►

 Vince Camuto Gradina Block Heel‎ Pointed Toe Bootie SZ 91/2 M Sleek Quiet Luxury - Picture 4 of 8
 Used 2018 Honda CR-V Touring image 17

◄
►

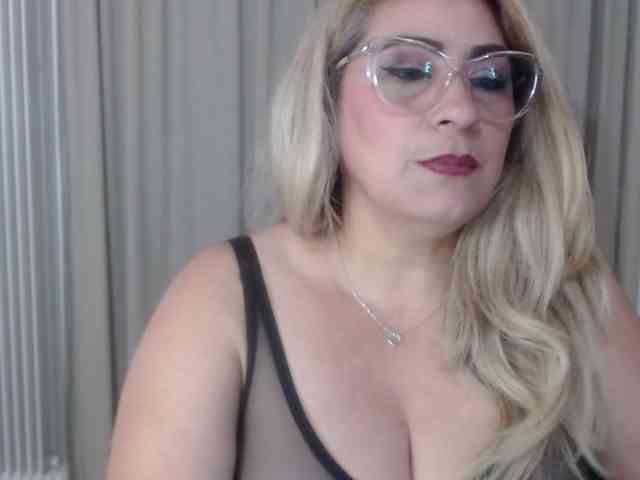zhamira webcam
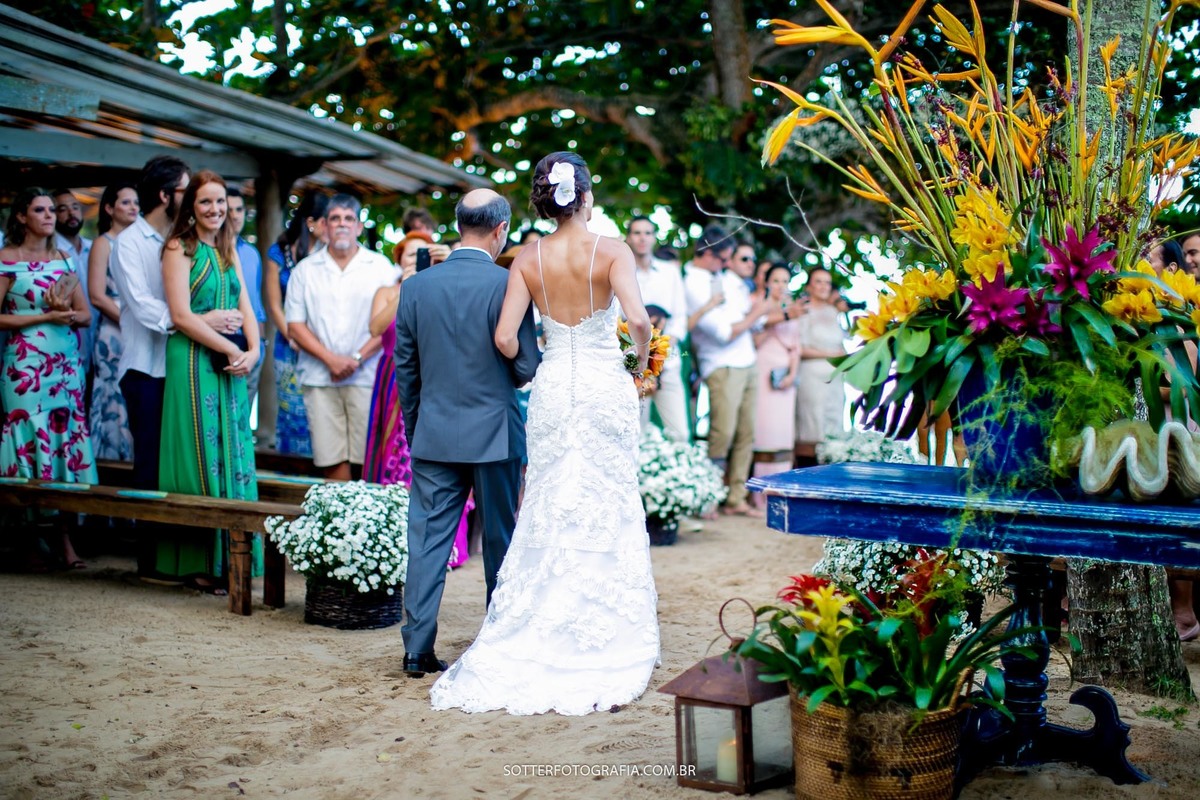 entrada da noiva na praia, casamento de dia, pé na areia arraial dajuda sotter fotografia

◄
►

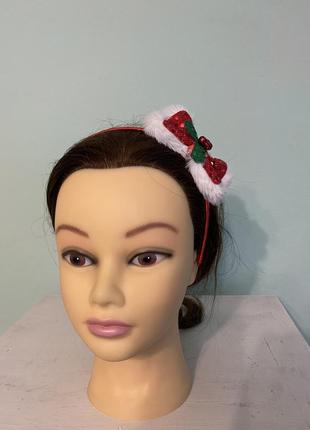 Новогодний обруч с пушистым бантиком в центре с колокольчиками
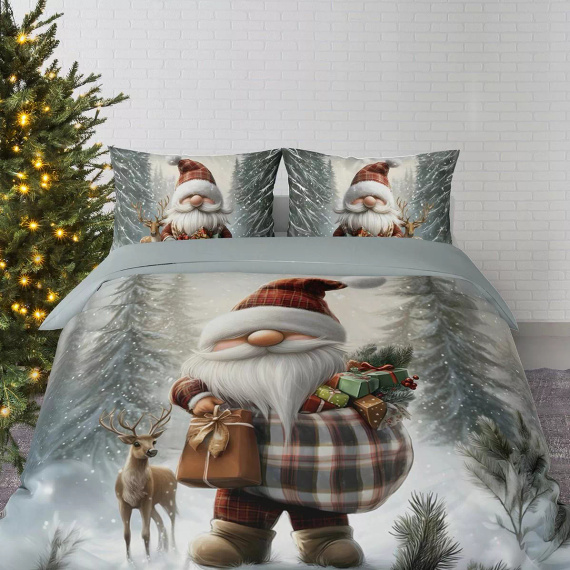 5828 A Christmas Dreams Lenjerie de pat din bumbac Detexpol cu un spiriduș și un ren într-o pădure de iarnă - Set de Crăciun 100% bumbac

◄

DESCRIPTION OF THE TASK:
How would the lines above read from the one with "zhamira webcam" to the one with "entrada da noiva", inclusive, with no pictures? Write them out exactly.

SOLUTION:
zhamira webcam
 entrada da noiva na praia, casamento de dia, pé na areia arraial dajuda sotter fotografia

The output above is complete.